FIG. 13 illustrates one possible configuration of an upstream eccentric port and a downstream eccentric port;

FIG. 14 illustrates one possible configuration of an upstream eccentric port and a downstream eccentric port;

FIG. 15 illustrates a schematic, cutaway view of an example pressure-pulsing tool;

FIG. 16 illustrates a schematic view of an example end cap for an example pressure-pulsing tool;

FIG. 17A illustrates a schematic view of a portion of an example pressure-pulsing tool; and

FIG. 17B illustrates a schematic view of a portion of an example pressure-pulsing tool.

While the present invention is susceptible to various modifications and alternative forms, specific exemplary embodiments thereof have been shown by way of example in the drawings and are herein described in detail. It should be understood, however, that the description herein of specific embodiments is not intended to limit the invention to the particular forms disclosed, but on the contrary, the intention is to cover all modifications, equivalents, and alternatives falling within the spirit and scope of the invention as defined by the appended claims.

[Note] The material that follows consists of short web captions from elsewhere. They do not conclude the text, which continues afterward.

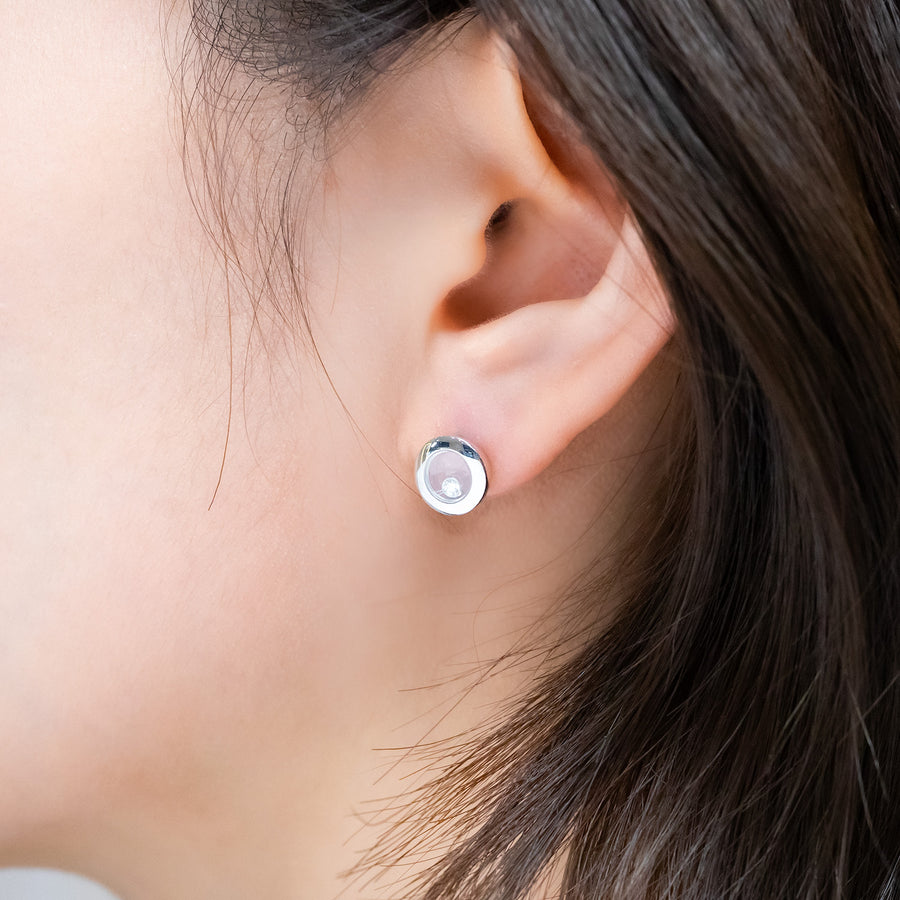 ต่างหู Chopard Happy Diamonds Icons Earrings 18K White Gold (Used) #vrcho 0840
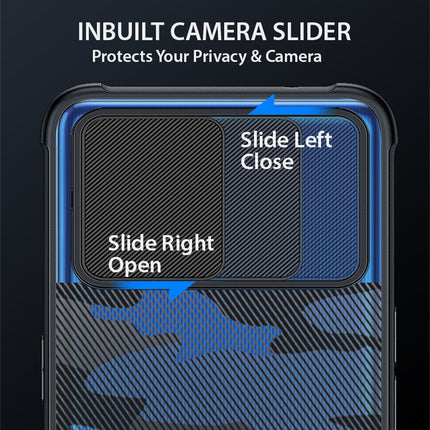 Camo Slider Back Cover for Samsung Galaxy F62 , [Military Grade Protection] Shockproof Slim Clear Camera Shield Bumper Back Case (Black)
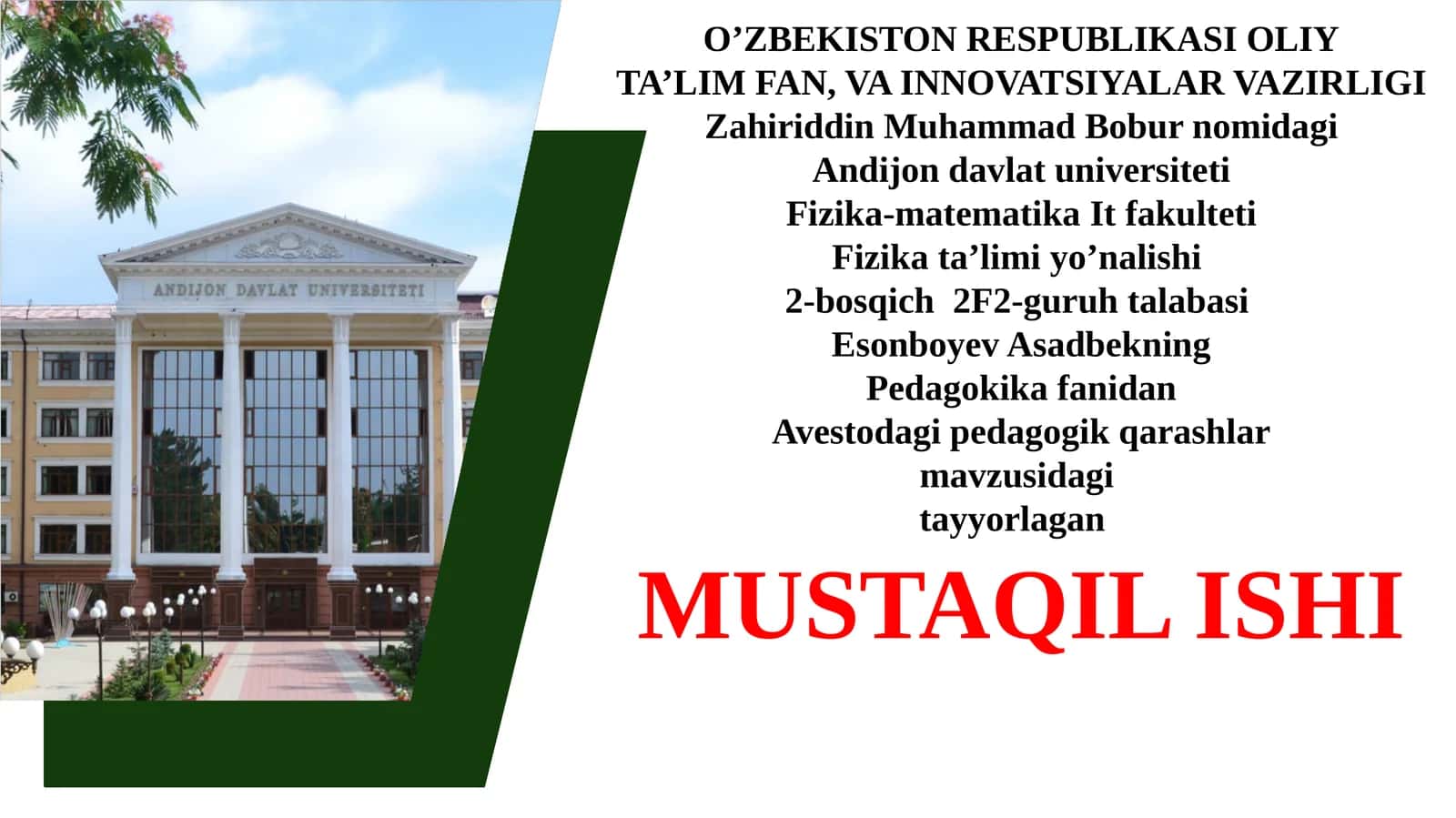 Avestodagi pedagogik qarashlar 1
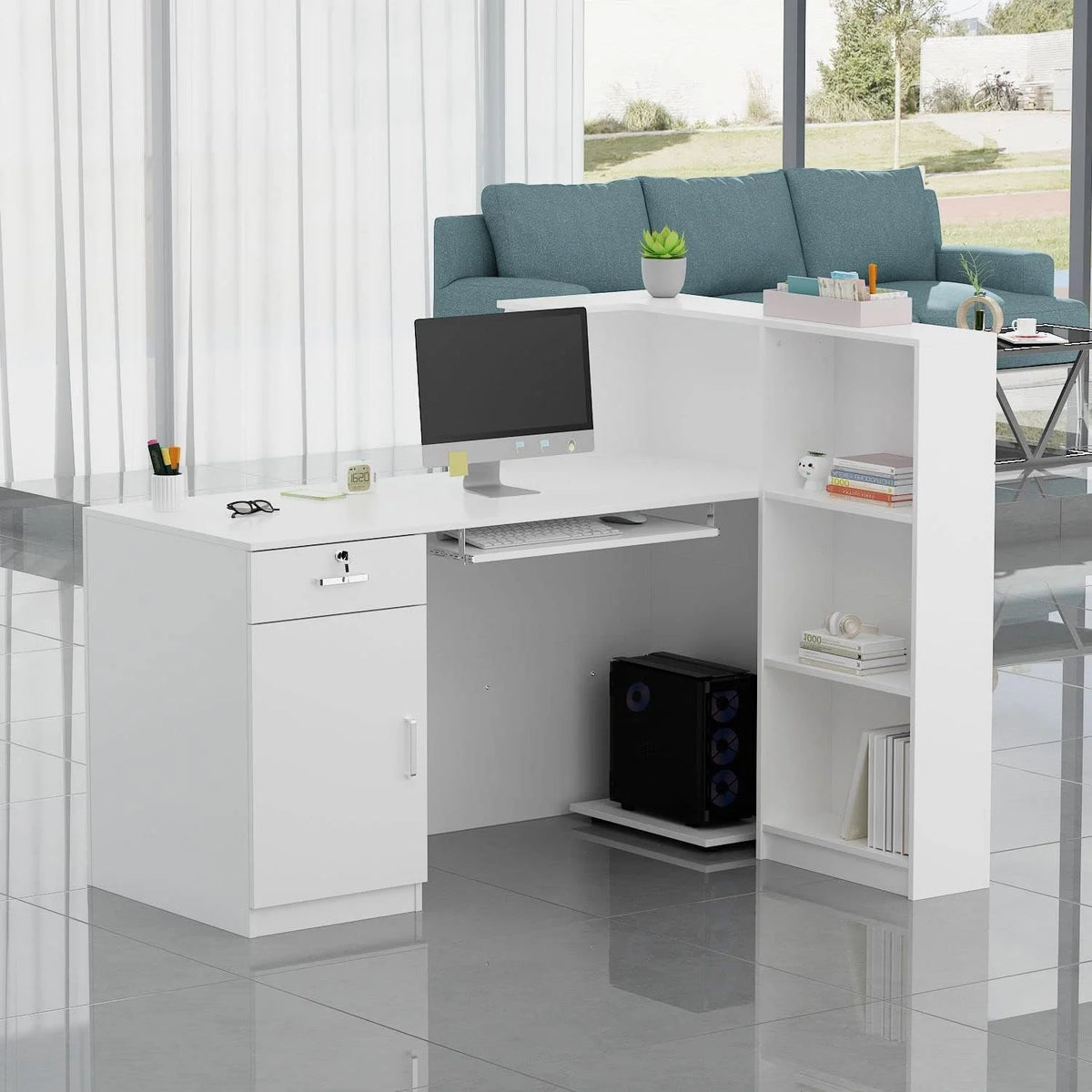 L-Shaped Black Reception Desk T933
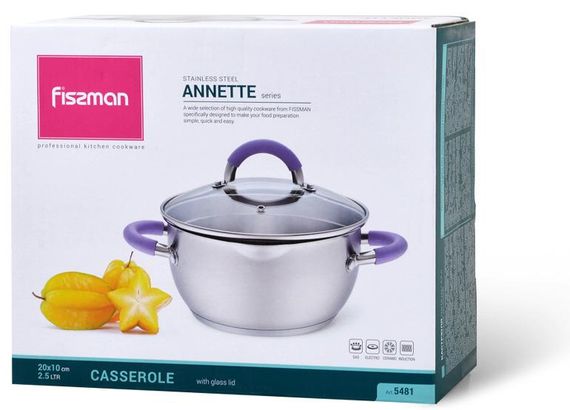 Каструля Fissman Annette 2.5л з нержавіючої сталі з кришкою-друшляком | Зображення 6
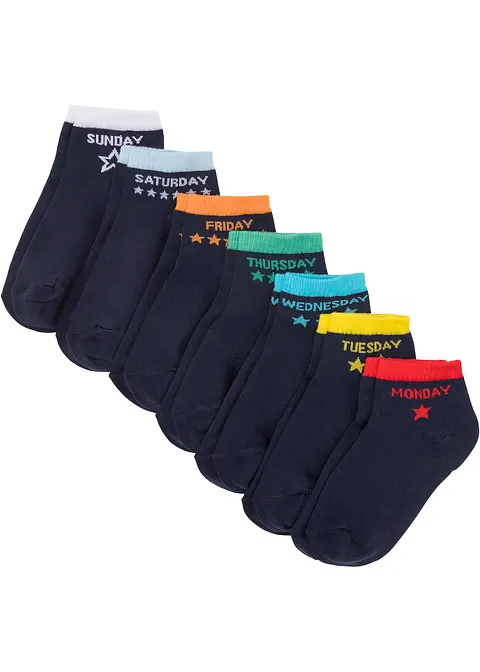 Kurzsocken mit Bio-Baumwolle (7er Pack) in blau - bonprix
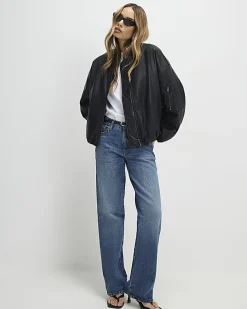 Black Faux Leather Bomber Jacket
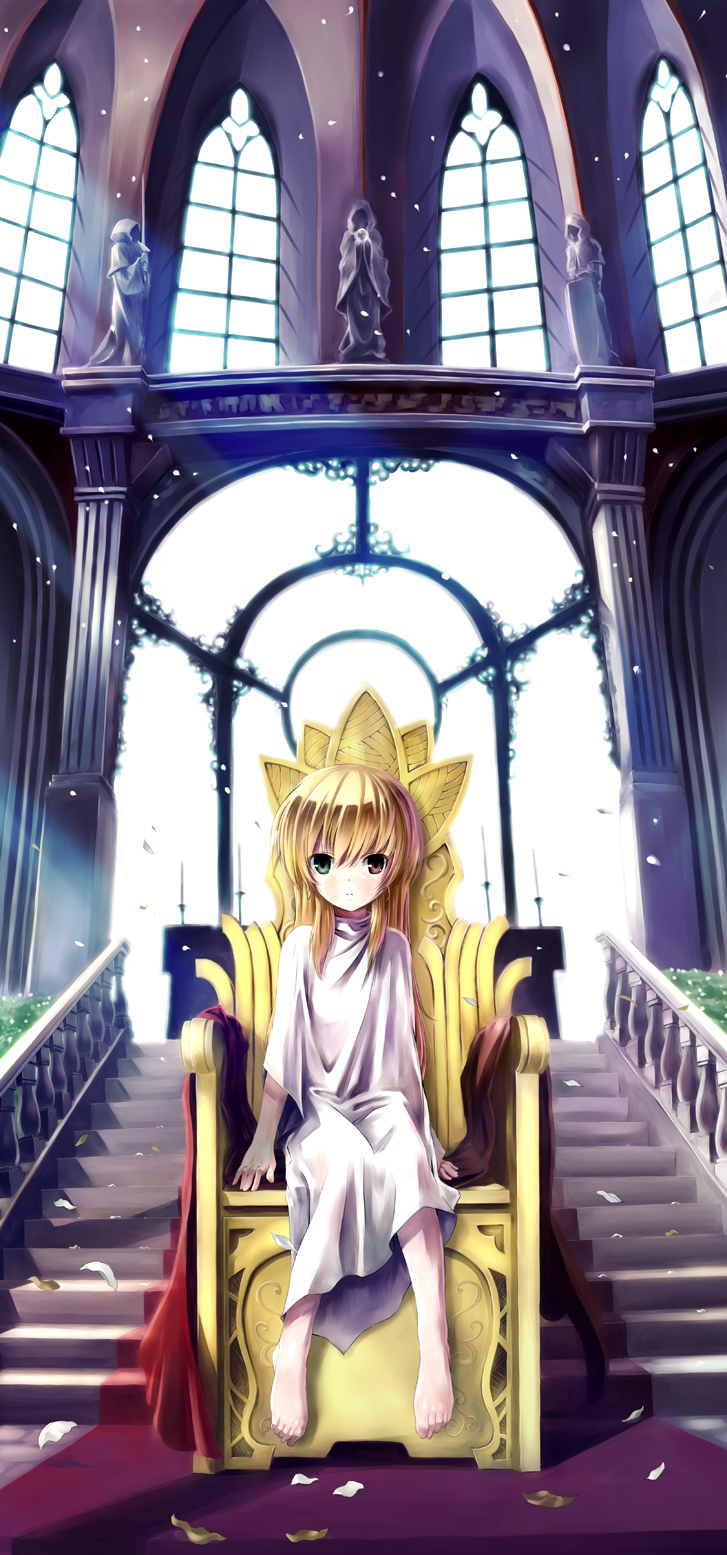 blonde_hair, green_eyes, hair_down, heterochromia, highres, leaf, long_hair, lyrical_nanoha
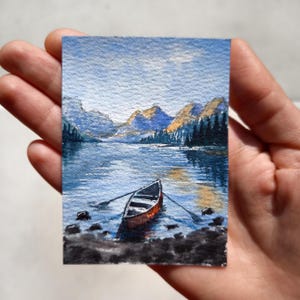 Aceo Original Art ACEO peinture à l'aquarelle Canada painting Original Aceo Canada nature peinture Art miniature Cartes à collectionner d'artiste Petit art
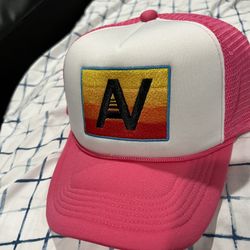 Vintage Trucker Hat with Adjustable Mesh Washed Baseball Cap Classic Style for Everyday Wear Men and Women (Rainbow Logo Neon Pink White)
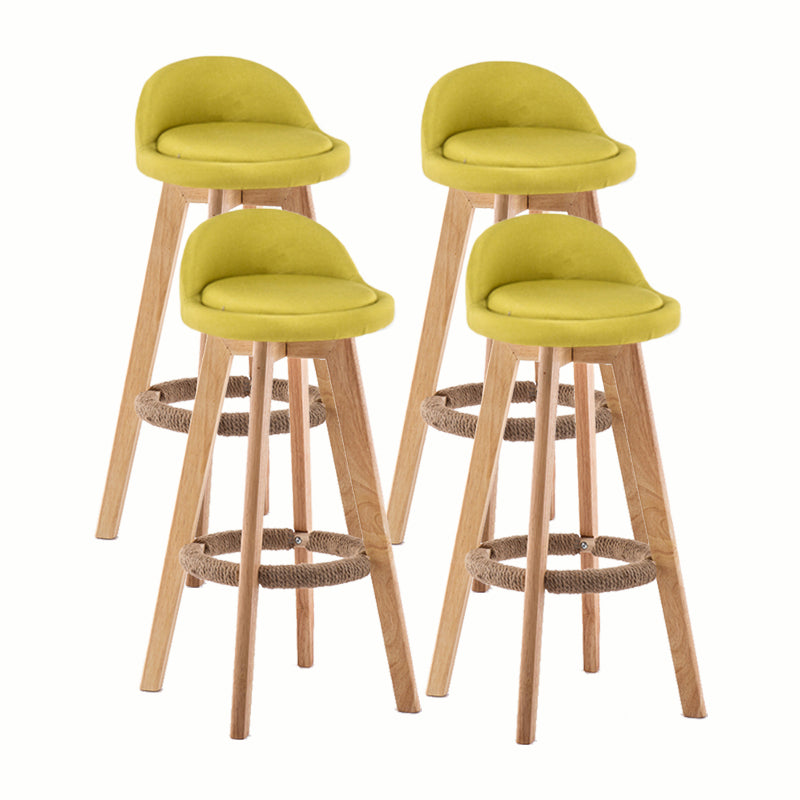 Modern Rotatable Backrest Counter Stool Wood Cafe Bar Stool with Cushion and Pedal Light Green 4 Piece Set Clearhalo 'Bar Furniture' 'Bar Stools' 'bar_stools' 'furn' 'furn_bar_stools' 'furniture_bar_stools' 'Kitchen & Dining Furniture' 'kitchen&dining_furn' 'kitchen' 'kitchen_furn' Furniture' 4545442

The present invention relates to the field of well stimulation; more particularly, the present invention relates to the field of well stimulation through the application of hydro-mechanically generated pressure pulses. To facilitate a better understanding of the present invention, the following examples of preferred embodiments are given. In no way should the following examples be read to limit, or define, the scope of the invention.

FIG. 1 illustrates a formation 10 containing a deposit of a desirable fluid such as oil or natural gas. A well 20 may be drilled at well site 100 into formation 10 to extract this fluid. Well 20 may be any type of well suitable for formation 10, including an injection well. Although FIG. 1 illustrates a vertical well, well 20 may assume any configuration, including a horizontal configuration. A Christmas tree 120 may be located at well site 100. A drilling rig, workover rig, coiled tubing unit, or similar equipment may be deployed at the site. Coiled tubing 110 may go through Christmas tree 120 to form a well workstring in the well bore. Alternatively, or in addition, jointed tubing, drill pipe, or any other similar equipment, as necessary, may be used to form a well workstring. For example, Christmas tree 120 may also couple to production tubing 130, as shown in FIG. 1. Well 20 may be lined with perforated production casing 21; perforations 22 may extend into the formation for fluid extraction. Moreover, although FIG. 1 depicts well 20 as land-based, well 20 may also be an off-shore well if formation 10 is a subsea formation.

As shown generally in FIG. 1, coiled tubing 110 may couple to a slow-rotating apparatus 200 for use in downhole applications. The term “couple” or “couples” used herein is intended to mean either a direct or indirect connection. Thus, if a first device “couples” to a second device, that connection may be through a direct connection or through an indirect connection via other devices or connectors. Slow-rotating apparatus 200 translates high-speed motor rotation into a slow output rotation that can be utilized by downhole devices that cannot or preferably do not operate at the high speeds typically seen with downhole motors. Slow-rotating apparatus 200 provides a slow output rotation that may be more conducive to producing pressure pulses that are optimal for such applications as chemical placement and waterflood recovery. An example slow rotating apparatus 200 may provide torque at approximately 1 revolution per minute to approximately 100 revolutions per minute, when the source of rotation in the slow-rotating apparatus, such as the downhole motor, operates at speeds in excess of approximately 600 revolutions per minute.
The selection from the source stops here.